摘 要 黑龙江地区早在1946年初就以分配“敌伪”土地为契机开始了土地改革。“夹生饭”问题发生于土改运动初期的1946—1947年,是当时基层干部对清算分地不彻底现象的一种形象概括,其产生说明中共与农村基层社会互动的最初尝试遭到挫折。为扭转这一局面,各省适时调整政策“放手发动群众”,通过“砍挖”运动、“小诉苦会”、“诉苦大会”、“东村斗西村”等方式最终煮熟了“夹生饭”,并为土改运动全面胜利奠定基础。

关键词 黑龙江地区 解放战争 土地改革 “夹生饭”

中图分类号 K266 文献标识码 A 收稿日期 2019-09-24

★作者简介:李晓倩,中共中央党校文史教研部博士研究生,研究方向为中国当代史、中华人民共和国国史。

Abstract Heilongjiang began its land reform with allocating enemys land at the beginning of 1946. The “half-cooked rice” phenomenon, taking place between 1946 and 1947, was a vivid description of the incomplete liquidation of land by the grassroots cadres at that time, which showed the frustration of the initial attempt at the interaction between CPC and the rural grassroots society.

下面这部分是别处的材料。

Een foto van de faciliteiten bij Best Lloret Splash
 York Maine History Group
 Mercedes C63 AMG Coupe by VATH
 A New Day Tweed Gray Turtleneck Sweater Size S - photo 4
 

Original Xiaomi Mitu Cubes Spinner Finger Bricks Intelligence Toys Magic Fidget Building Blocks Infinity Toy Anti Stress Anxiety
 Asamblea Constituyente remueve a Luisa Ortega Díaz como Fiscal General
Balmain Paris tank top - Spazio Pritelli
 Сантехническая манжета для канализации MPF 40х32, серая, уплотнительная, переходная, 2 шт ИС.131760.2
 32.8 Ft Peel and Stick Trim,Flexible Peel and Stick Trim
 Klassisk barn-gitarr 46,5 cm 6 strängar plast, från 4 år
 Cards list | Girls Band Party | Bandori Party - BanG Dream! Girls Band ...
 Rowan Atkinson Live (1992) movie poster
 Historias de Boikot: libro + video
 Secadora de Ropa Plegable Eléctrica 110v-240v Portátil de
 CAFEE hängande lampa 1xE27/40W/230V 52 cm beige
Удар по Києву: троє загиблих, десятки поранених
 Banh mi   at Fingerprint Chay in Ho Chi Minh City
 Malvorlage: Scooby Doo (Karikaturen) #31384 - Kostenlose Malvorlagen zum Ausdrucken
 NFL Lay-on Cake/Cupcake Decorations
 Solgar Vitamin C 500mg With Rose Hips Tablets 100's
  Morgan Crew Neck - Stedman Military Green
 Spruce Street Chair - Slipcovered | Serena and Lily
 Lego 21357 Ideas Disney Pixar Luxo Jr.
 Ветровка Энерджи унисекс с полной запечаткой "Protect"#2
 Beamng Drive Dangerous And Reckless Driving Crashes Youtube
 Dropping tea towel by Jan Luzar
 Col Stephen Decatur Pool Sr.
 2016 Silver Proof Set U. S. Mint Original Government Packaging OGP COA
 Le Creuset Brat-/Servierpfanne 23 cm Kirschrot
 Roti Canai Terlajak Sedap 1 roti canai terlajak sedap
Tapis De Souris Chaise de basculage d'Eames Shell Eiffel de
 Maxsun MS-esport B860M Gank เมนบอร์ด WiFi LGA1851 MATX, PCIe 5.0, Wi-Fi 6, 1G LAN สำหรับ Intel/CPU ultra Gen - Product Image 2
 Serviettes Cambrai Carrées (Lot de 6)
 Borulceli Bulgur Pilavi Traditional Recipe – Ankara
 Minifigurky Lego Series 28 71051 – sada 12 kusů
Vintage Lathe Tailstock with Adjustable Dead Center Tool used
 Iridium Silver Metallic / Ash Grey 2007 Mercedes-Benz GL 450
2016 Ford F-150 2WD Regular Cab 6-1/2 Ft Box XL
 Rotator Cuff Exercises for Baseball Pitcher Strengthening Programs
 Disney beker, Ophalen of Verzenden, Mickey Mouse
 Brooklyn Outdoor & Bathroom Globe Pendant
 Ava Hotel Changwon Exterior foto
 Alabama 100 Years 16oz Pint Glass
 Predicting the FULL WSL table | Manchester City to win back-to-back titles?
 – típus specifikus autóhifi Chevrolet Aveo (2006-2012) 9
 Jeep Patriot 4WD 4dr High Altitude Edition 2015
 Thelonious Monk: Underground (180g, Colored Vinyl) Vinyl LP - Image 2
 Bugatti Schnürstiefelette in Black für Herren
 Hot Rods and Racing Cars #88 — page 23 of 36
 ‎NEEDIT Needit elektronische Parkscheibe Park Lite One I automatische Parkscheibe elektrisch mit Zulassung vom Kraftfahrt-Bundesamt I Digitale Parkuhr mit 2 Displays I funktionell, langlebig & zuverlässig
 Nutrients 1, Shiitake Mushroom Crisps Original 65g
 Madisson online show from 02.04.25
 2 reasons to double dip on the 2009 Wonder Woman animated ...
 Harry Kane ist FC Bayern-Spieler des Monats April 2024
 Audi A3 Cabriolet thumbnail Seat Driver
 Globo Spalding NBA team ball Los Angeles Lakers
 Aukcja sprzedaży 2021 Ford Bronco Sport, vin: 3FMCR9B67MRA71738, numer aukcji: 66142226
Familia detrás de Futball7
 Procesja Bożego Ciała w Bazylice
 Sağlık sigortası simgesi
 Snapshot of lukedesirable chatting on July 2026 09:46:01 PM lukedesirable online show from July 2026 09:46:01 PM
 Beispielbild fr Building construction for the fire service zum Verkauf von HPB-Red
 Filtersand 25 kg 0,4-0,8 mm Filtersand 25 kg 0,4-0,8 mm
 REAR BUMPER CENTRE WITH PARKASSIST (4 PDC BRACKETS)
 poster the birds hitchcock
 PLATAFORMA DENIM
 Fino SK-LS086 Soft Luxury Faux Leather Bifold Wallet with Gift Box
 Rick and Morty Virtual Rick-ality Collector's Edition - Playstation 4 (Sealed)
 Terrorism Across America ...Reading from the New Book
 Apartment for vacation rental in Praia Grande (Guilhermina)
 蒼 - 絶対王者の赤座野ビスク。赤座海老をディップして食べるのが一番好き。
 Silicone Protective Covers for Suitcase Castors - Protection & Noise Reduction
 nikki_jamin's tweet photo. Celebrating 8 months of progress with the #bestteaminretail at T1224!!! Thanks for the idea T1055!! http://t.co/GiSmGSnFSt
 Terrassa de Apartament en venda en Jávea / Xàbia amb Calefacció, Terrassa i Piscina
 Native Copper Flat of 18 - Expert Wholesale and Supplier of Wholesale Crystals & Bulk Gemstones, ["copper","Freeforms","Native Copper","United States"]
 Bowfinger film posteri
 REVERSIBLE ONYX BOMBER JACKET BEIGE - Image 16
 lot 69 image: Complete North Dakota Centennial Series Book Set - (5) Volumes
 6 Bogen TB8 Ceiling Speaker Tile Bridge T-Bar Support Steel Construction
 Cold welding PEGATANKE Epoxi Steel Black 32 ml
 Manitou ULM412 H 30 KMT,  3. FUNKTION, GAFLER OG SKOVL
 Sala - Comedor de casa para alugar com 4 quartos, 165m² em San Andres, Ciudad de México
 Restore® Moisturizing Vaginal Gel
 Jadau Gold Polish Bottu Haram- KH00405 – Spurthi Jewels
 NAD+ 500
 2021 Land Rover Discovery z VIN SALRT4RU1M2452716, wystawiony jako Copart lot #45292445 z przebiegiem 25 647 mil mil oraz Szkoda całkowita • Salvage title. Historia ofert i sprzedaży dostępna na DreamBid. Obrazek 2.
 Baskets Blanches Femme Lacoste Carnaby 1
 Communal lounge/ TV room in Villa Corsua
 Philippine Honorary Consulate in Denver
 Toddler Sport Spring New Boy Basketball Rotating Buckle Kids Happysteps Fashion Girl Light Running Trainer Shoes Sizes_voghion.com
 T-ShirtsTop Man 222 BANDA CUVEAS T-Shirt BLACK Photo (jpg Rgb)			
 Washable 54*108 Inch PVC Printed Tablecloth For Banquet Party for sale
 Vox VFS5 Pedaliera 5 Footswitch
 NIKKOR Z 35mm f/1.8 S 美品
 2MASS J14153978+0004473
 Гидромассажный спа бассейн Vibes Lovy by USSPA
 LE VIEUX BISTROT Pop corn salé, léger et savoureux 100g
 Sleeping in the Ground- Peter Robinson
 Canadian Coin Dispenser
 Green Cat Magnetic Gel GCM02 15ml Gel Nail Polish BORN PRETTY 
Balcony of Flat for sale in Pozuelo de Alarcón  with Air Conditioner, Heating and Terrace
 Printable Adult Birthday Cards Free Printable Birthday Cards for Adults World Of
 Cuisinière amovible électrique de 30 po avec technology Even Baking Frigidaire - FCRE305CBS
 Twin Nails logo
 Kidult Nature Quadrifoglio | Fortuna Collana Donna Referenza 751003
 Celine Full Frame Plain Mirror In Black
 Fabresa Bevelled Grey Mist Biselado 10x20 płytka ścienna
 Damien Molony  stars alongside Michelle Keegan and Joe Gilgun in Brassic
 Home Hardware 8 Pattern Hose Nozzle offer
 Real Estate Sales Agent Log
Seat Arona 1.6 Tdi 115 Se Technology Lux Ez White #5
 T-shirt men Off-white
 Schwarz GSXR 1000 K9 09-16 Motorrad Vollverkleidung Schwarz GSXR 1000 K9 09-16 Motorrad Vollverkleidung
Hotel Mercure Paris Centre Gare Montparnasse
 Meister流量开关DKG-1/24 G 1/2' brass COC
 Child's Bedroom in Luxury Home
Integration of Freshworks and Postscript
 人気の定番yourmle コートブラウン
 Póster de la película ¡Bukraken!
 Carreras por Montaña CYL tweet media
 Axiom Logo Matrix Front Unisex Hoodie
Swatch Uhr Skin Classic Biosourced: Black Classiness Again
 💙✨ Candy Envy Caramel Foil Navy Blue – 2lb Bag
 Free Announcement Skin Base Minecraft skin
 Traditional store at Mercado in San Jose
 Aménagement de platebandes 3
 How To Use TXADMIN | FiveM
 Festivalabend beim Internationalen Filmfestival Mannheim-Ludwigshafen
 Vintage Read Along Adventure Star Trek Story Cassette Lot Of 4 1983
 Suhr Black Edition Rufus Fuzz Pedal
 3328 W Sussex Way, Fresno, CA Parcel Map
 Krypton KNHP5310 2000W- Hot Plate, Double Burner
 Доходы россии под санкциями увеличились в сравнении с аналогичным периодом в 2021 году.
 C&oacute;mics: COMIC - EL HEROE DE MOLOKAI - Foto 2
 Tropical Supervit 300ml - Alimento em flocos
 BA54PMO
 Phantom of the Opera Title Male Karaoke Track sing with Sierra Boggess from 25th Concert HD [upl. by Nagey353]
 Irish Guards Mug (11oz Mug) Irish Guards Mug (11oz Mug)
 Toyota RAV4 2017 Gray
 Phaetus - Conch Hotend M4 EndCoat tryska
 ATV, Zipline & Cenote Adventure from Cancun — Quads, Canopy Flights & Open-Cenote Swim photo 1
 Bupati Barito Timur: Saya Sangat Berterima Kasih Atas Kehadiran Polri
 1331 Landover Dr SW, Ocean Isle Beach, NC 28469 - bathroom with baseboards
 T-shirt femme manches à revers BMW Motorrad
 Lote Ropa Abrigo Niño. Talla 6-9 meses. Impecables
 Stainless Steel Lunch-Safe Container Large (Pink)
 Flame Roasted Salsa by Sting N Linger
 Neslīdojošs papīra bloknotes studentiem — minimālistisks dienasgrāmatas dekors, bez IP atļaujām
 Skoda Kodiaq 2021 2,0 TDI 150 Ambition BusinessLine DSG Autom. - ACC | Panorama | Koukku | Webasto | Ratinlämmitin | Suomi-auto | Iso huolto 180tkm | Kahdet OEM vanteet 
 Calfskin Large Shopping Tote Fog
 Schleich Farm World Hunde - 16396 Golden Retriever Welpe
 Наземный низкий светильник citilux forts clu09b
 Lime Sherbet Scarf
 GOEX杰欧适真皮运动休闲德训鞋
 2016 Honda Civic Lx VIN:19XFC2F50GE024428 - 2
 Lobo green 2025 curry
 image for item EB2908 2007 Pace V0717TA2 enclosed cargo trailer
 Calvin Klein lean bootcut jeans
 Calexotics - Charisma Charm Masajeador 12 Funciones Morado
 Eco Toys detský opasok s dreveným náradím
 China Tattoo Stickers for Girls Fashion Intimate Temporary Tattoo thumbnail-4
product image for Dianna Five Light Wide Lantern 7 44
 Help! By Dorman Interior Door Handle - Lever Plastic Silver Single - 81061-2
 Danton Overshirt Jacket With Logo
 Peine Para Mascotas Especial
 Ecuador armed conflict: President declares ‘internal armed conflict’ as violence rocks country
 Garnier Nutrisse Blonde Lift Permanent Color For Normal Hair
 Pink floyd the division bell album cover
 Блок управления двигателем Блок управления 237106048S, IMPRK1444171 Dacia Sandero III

In order to solve the problem, the Communist Party of China took a series of measures to adjust its policy in time to mobilize the masses, such as “cutting and digging” movement, “small complaint meetings”, “complaint meetings” and “one village criticizing the other one”. In these ways, the “half-cooked rice” was fully cooked and a solid foundation was finally laid for the victory of the land reform movement.

Keyword Heilongjiang; the Liberation War; land reform; "half-cooked rice"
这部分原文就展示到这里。